- English edition of the first volume of The Manzai Comics as published by Aurora Publishing
- Genre: Comedy
- Written by: Atsuko Asano
- Illustrated by: Hizuru Imai
- Published by: Jive
- English publisher: NA: Aurora Publishing;
- Magazine: Comic Rush
- Original run: December 1, 2005 – March 10, 2009
- Volumes: 5

= The Manzai Comics =

Japanese manga series

The Manzai Comics (also known as The Comedy Team) is a manga series written by Atsuko Asano and illustrated by Hizuru Imai. In Japan it is published by Jive. In the United States it is published by Aurora Publishing.

Takashi Akimoto (秋本 貴史, Akimoto Takashi), a confident and forceful student, cajoles Ayumu Seta (瀬田 歩, Seta Ayumu), a misfit, into forming a manzai comedy duo together. Other characters include Meguna, Takashi's childhood friend and "fated partner", Kotomi, a yaoi fan who ships Takashi and Ayumu, Yuichi, a "class officer", and Nobuhiko, Takashi's soccer teammate who mediates between Takashi and Ayumu.

==Volumes==
Jive prints The Manzai Comics under its Pureful imprint in an A6 size and under its Colorful Bunko imprint in a B6 size.

| No. | Original release date | Original ISBN | English release date | English ISBN |
|---|---|---|---|---|
| 1 | December 1, 2005 | 978-4-86176-253-6 | January 2009 | 978-1934496503 |
| 2 | March 1, 2006 | 978-4-86176-281-9 | - | — |
| 3 | September 11, 2006 | 978-4-86176-335-9 | - | — |
| 4 | November 10, 2007 | 978-4-86176-455-4 | - | — |
| 5 | March 10, 2009 | 978-4-86176-645-9 | - | — |

==Reception==
Danica Davidson finds Ayumi to be a very sympathetic character, as she regards his "insecurity" and drive to be "normal" as being "understandable to readers his age or anyone who's ever been his age". Davidson felt that the serious treatment of Ayumu's family tragedy was incongruous with the broader comedy themes of the manga, and wondered in what tone the manga would continue. Ed Chavez feels that the theme of the manga is "learning about relationships" and feelings, and notes that they've "gone through a lot", particularly Ayumu, who is starting at a new school after a family tragedy. Ayumu feels responsible for the incident, and is making an effort "not to stand out" and to "just be a normal kid".Chavez feels that Takashi sees Ayumu's true personality under his "normal kid" facade, and decides that Ayumu is the perfect teammate for Takashi's dream of being part of the funniest comedy duo in Japan. Chavez did not find the main duo engaging enough to wish to continue reading the series, although he enjoyed the interactions of the whole cast. He feels the theme of The Manzai Comics is learning to grow up and have fun along the way and learning to hold on to your ambitions, classifying The Manzai Comics as seinen, but feels the manga would be more suitable for younger readers despite some swearing.
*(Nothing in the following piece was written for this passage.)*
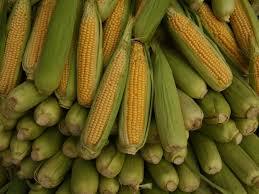 Raw Yellow Corn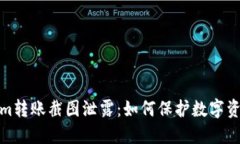 Tokenim转账截图泄露：如何保护数字资产安全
Chavez places the theme of the manga within the context of a manzai boom of the 1980s, and a subsequent general increase of manzai on television and anime. He felt that the comedic twist on the staging of Romeo and Juliet was refreshing. Brigid Alverson was disappointed that there were no translator's notes explaining manzai. Chavez feels that later, the more complicated manzai humour is lost in translation, and that it is a difficult topic for a manga. Alverson did not find the comedy particularly funny, but felt the secondary characters were well-developed, especially enjoying the lampooning of "super-cute shoujo girl" characters via Meg. Chavez also remarked on the character designs of the females, describing them as "moe", noting the illustrator's previous work for Gainax. Katherine Dacey felt that the manga "covered familiar ground, but yielded some funny moments nevertheless", feeling that the more "melodramatic" moments were not well-integrated with the rest of the manga, but that they added an extra dimension to the characters' friendship. Connie C. for PopCultureShock felt that the blending of genres was done well, and although she found the plot and characters "unremarkable", she felt that the manga was well-executed.